• _WHAT YOU SHOULD DO_
Pictures stay out. Everything else in the listing below gets written out exactly.

• _THE DATA_
--------------------------------------------------

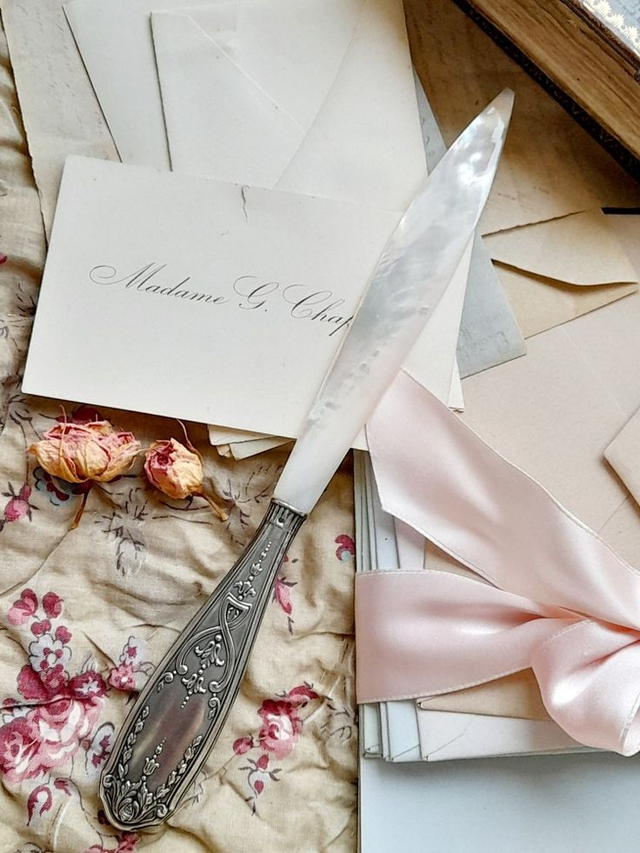 Coupe-papier ancien en nacre et métal argenté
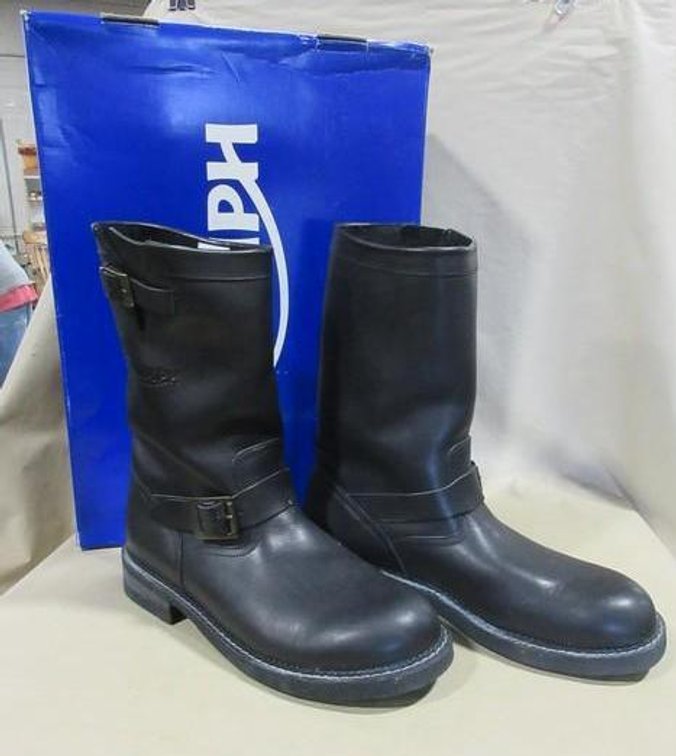 Triumph black highway boots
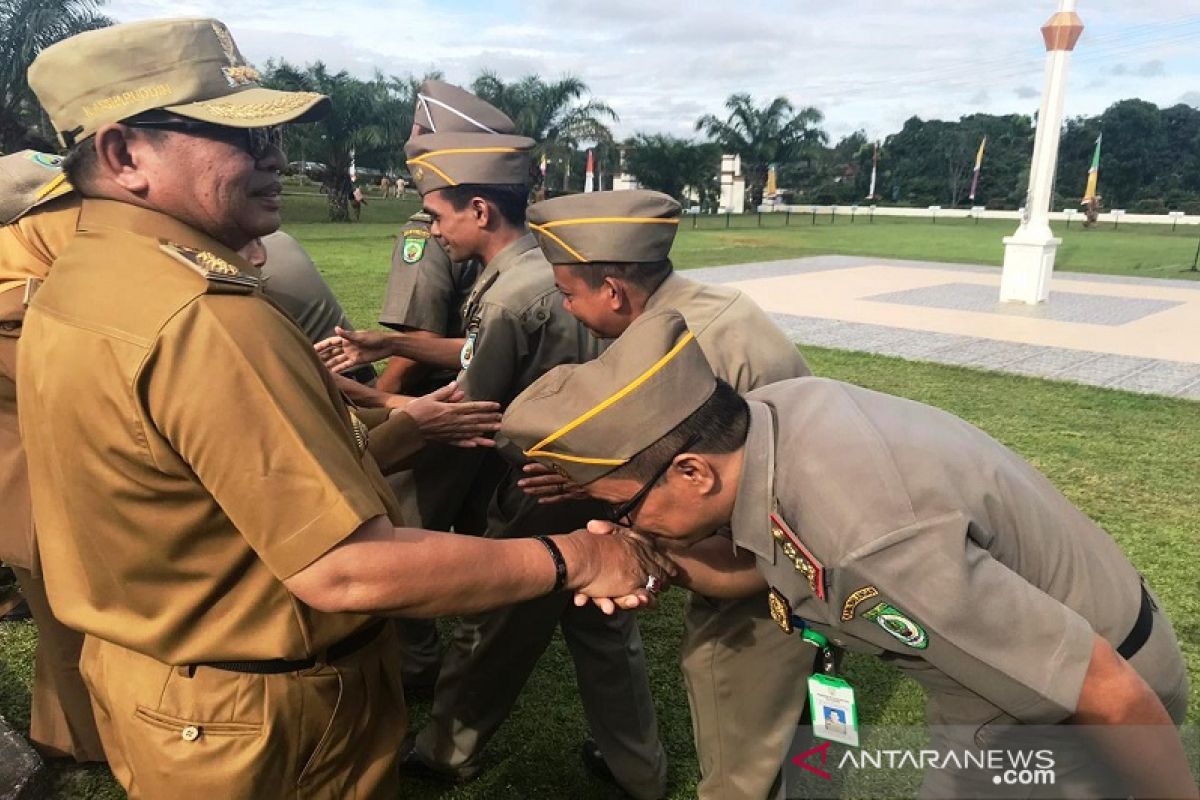 Routine flag ceremony turns into halal bihalal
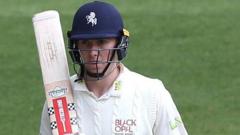 England opener Crawley extends Kent contract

--------------------------------------------------

• _ANSWER AREA_
 Coupe-papier ancien en nacre et métal argenté
 Triumph black highway boots
 Routine flag ceremony turns into halal bihalal
 England opener Crawley extends Kent contract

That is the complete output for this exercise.